March 18, 2011

Violent games

Posted in Uncategorized at 9:14 pm by sacetalks

Yesterday was St. Patrick’s Day. While its original purpose is linked to a popular figure in the history of Christianity, it has now become a holiday to celebrate the Irish, drink green beer, and pinch people who choose not to, or forget to, wear green on March 17.

For me, the pinching part seems more from my days in Elementary and Junior High School than my experiences as an adult. However, sometimes even adults pinch their friends, co-workers, brothers and sisters, etc for failing to wear green clothing. While this might seem like a light-hearted game, it involves potentially painful physical aggression towards a person who may not voluntarily agree to being pinched. I know.
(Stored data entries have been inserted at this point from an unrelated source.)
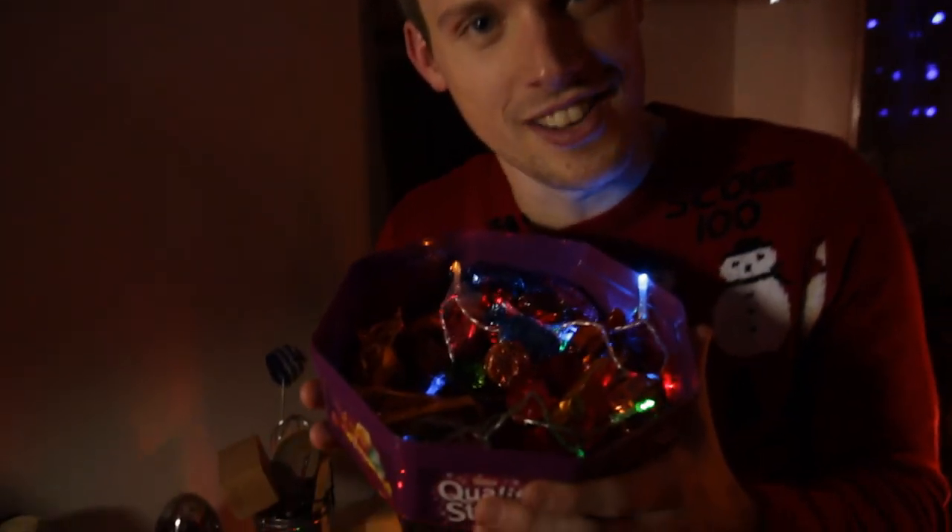Hey guys, this selection box science experiment involves chocolate — lots of chocolate, surely the best ingredient of Christmas. But this is actually all about light.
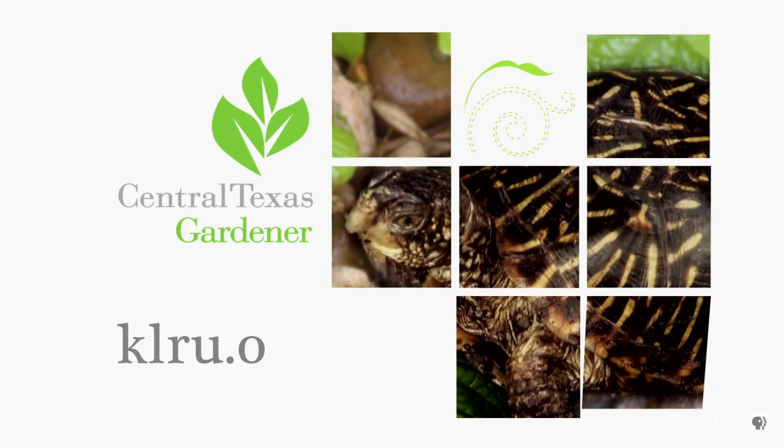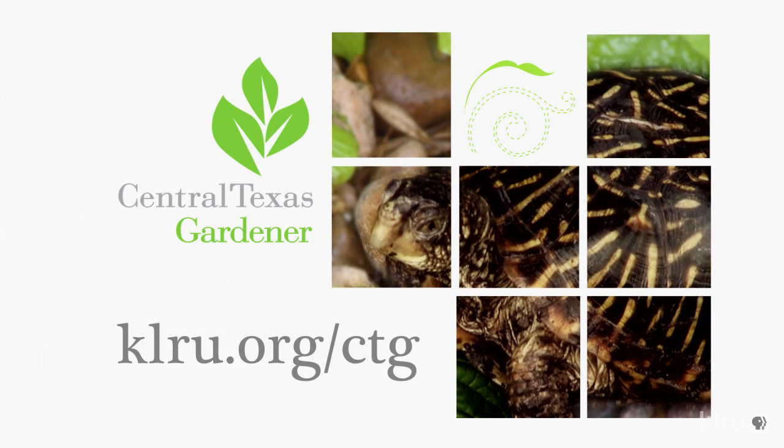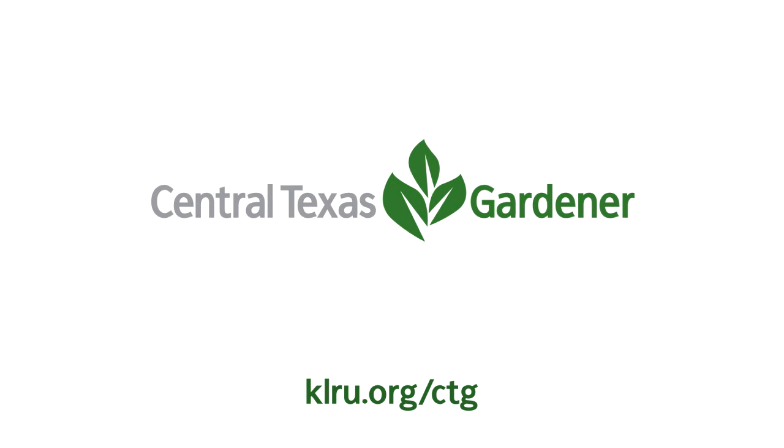To do in your garden this week: purchase and plant fruit trees and blackberries. It's also a great time to plant asparagus crowns and onion sets. We'd love to hear from you, so please visit klru.org/ctg to send us your questions and pictures from your garden. We'll see you next time.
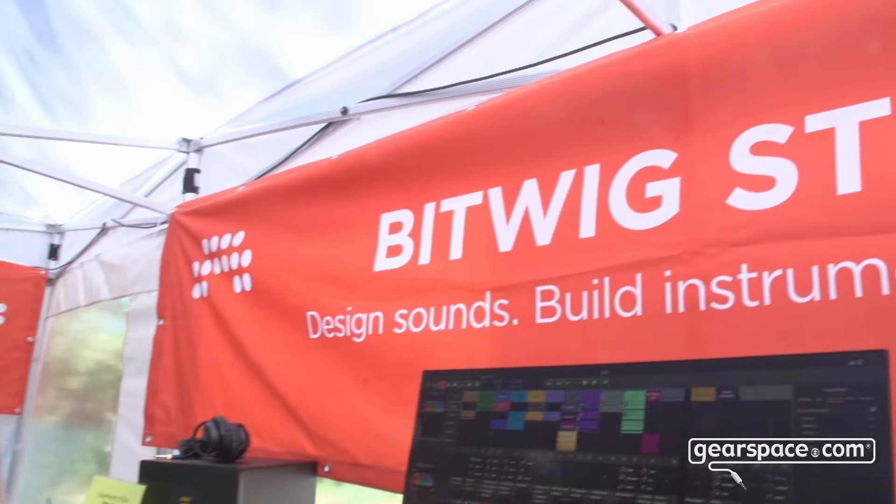Hello, Gearspace. I'm here from Bitwig at Superbooth, where we have just released into beta our new version, which is 5.2.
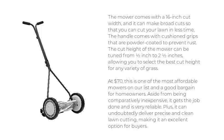The mower comes with a 16-inch cut width, and it can make broad cuts so that you can cut your lawn in less time. The handle comes with cushioned grips that are powder-coated to prevent rust. The cut height of the mower can be tuned from 1-1/2 inch to 2-1/2 inches, allowing you to select the best cut height for any variety of grass. At $70, this is one of the most affordable mowers on our list.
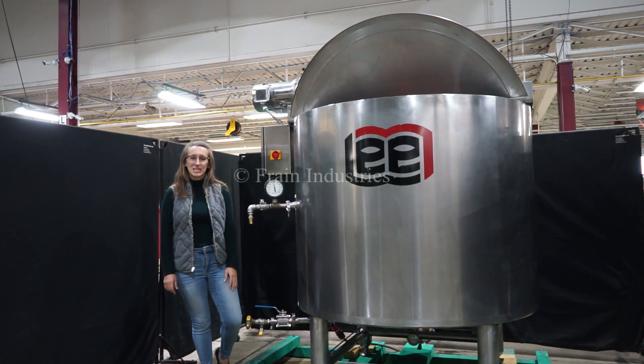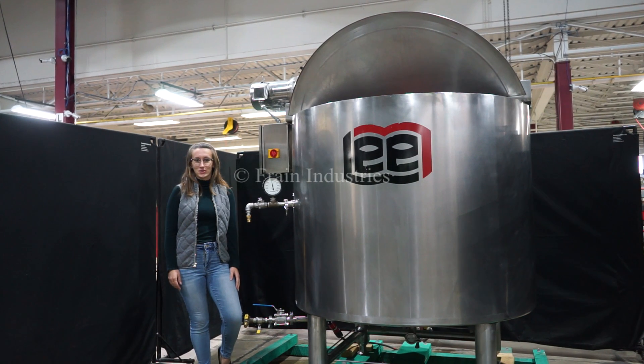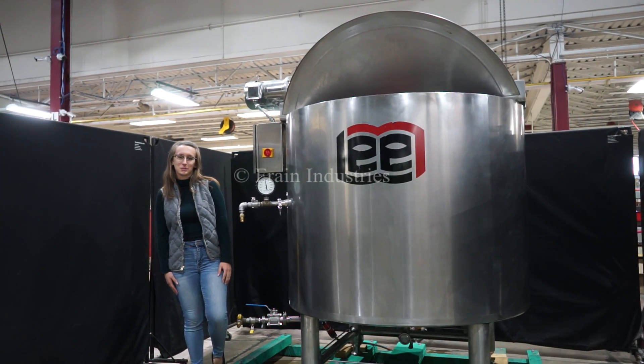Hi, I'm Elena with the Frame Group. Today I'll be cycling your LEED 300 gallon stainless steel jacket and mixing vessel. The machine is currently set to 3 phase, 480 volts. We recommend reading the manual in its entirety before powering on the machine.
I’m a party pooper.

Which brings me to the real intention of this post – there are a lot of behaviors, attitudes and ways in which people interact with each other that are harmful, painful, derogatory and violent, such as name calling, hitting, discrimination based on race, sexual harassment, etc., that we minimize with phrases like, “Oh, I was just having a little fun,” “It’s no big deal,” “It’s just a joke,” “I’m only racist when I drink,” “Why do you have to be such a prude?” Those phrases are used to both minimize the harmful and negative consequences of words and/or behaviors as well as cut down the voice of anyone who chooses to speak out in resistance to their minimizing tactics. If I say pinching people on St. Patrick’s Day is a way to normalize violence as a game, and someone calls me a prude, that is their effort to make what I’ve just said less legitimate.

There are a lot of words we can call people to de-legitimate what they have to say and what they choose to do. Some include: prude, stupid, lame, idiot, snitch, frigid, bitch, gay, faggot, freak. They represent one of the ways language has so much power to distort and create the meaning we make of our lives by de-legitimating the voice and perspectives of certain people.
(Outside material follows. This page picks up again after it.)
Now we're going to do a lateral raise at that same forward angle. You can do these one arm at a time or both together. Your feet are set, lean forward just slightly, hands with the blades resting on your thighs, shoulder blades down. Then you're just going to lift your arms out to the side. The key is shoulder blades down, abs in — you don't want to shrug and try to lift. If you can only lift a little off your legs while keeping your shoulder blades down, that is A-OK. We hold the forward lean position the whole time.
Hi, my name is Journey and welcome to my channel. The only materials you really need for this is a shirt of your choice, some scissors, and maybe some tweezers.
And they have central roles in how groups of people can justify violence.

For example, in a environment like a Junior High School, boys pinching girl’s bottoms can become a game, something that is fun, and anyone who questions it is a prude, stupid, lame, a snitch, frigid, a bitch, gay, a faggot. Those words help minimize the reality of sexual harassment and distort that reality into a game in which the only participants who matter are the ones who enjoy the game. People who speak out, who refuse to participate in the game, face name calling tactics that take away the power of their resistance and legitimate the violence that is being done to people in the act of sexual harassment.

Sometimes, we think that these words are harmless and we’re just using them in good fun. It’s important to realize that they have a powerful impact in dictating how we interpret the world around us, potentially transforming a violent world into one we see as frivolous fun. In the use of those words, we lie to ourselves, cover-up our misdeeds and silence the opposition of those who suffer from violence.